Allah insanlara infakı emrederken, özellikle Sure-i Hadid’de “Benim size halife olmanız sıfatıyla verdiğim her nimeti infak edin” emrini verirken, muradı toplum dengesini sağlamaktır. İnsanların halife sıfatıyla Allah’tan aldıkları nimetler onun yaratıcı sıfatından sıçramış görüntülerdir. Bu görüntülerin bir insana gelmesi, o insanın Allah’a halife olmasından yansıyan parçacıkların tezahür etmesidir. Allah Sure-i Hadid’de demek istiyor ki, “Benim size kudretimin, sıfatlarımın bir küçük simgesi gibi intişar ettiğim güçlerimi, nimetlerimi mutlaka başkalarıyla paylaşın.”

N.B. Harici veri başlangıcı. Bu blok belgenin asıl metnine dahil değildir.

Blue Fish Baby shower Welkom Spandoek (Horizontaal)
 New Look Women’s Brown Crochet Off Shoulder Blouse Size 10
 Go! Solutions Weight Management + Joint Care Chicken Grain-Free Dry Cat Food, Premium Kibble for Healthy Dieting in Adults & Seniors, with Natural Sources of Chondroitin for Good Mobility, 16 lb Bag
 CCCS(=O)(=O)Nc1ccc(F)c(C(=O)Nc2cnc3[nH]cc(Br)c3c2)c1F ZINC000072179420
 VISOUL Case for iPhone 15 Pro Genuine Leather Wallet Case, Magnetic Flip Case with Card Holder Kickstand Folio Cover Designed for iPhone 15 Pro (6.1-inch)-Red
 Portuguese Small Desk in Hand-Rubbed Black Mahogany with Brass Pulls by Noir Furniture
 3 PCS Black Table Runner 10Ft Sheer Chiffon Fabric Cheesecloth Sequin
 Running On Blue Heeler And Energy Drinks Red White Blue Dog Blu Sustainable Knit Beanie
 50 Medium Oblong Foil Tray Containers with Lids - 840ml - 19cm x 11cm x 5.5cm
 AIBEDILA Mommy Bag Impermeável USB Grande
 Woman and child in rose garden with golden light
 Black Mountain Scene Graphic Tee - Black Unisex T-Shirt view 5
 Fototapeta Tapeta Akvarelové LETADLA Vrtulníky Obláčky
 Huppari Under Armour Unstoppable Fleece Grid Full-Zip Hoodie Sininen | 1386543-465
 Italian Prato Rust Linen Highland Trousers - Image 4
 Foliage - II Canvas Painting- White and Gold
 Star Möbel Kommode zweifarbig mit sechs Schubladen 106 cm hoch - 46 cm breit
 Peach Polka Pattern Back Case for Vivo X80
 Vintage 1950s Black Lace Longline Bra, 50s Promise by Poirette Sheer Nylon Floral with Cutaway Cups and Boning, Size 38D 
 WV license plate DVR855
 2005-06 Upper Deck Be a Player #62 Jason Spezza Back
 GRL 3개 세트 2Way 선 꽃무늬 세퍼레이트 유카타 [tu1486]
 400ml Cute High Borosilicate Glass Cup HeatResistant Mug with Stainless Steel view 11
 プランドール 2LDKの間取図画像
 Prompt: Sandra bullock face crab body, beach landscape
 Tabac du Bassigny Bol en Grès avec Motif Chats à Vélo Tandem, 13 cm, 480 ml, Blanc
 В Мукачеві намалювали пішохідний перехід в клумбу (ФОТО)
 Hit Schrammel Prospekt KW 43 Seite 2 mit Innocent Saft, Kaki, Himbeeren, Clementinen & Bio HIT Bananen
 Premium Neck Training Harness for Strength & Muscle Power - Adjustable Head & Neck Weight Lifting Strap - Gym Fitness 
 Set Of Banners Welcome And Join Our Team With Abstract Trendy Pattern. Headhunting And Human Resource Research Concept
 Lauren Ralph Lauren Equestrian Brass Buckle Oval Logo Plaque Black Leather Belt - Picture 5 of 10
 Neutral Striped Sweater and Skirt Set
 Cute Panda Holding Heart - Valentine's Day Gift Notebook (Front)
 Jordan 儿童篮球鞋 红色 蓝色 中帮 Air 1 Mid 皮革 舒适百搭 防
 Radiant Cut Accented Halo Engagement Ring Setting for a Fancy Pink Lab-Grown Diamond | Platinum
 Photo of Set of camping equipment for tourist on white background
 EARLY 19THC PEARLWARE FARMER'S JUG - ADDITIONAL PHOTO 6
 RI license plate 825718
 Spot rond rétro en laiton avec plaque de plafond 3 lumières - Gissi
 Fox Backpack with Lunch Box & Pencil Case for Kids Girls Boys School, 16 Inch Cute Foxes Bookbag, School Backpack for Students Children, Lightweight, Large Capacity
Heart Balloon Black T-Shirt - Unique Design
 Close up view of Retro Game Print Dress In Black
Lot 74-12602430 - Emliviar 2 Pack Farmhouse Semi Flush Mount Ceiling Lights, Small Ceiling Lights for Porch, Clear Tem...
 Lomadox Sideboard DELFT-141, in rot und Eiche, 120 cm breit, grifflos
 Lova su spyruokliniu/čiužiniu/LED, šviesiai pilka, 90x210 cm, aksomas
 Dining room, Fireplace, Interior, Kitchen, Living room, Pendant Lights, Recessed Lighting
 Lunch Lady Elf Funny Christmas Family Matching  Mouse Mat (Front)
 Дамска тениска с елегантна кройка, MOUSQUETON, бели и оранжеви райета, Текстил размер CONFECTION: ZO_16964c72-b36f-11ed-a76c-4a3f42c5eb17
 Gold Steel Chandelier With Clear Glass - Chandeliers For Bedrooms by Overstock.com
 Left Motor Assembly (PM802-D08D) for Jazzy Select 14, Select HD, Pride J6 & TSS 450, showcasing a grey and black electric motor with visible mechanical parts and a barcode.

Buradaki mesajın en önemli yanı ise, insana halife sıfatıyla birtakım nimetler verilmesidir. Bundan dolayı infak, maddi boyutlardan uzaklaşır. Yani Allah bir kuluna “Şafî” sıfatından bir sıçrama yapıp onun doktor olmasını sağlamışsa, o insanın hekimliği devamlı infak strüktürü üstünde dönmelidir. İlk amacı para kazanmak değil, insanlara yardım etmek olmalıdır. Bir ziraatçiye Cenab-ı Hakkın “Rezzak” veya bir başka deyişle “Besleme” sıfatı yansımışsa, onun yetiştirdiği ziraat ürünlerinin diğer insanlarla paylaşılması zorunludur. Bu durumda herkes kendi işini yaparken, bilmelidir ki Allah’ın fonksiyonları çalışmaktadır ve kendisi bu fonksiyonların başında vazifeli bir memurdur. Tıpkı bir veznedarın para dağıtması, bir askerin verilen emri yerine getirmesi gibi Cenab-ı Hakkın verdiği nimetleri başkalarıyla paylaşmak her insanın boynunun borcudur. İşte infakın temelinde yatan, toplum moralini ayakta tutacak, insanı insan yapacak hikmet budur. Allah’ın kitabının en başında “Bu kitabın sizi doğruluğa çıkarması için mutlaka infak etmelisiniz” demesi ve 80′den fazla ayette insanlara yardım etmenin Müslümanlığın işareti olduğunu belirtmesi bu sebepten kaynaklanmaktadır.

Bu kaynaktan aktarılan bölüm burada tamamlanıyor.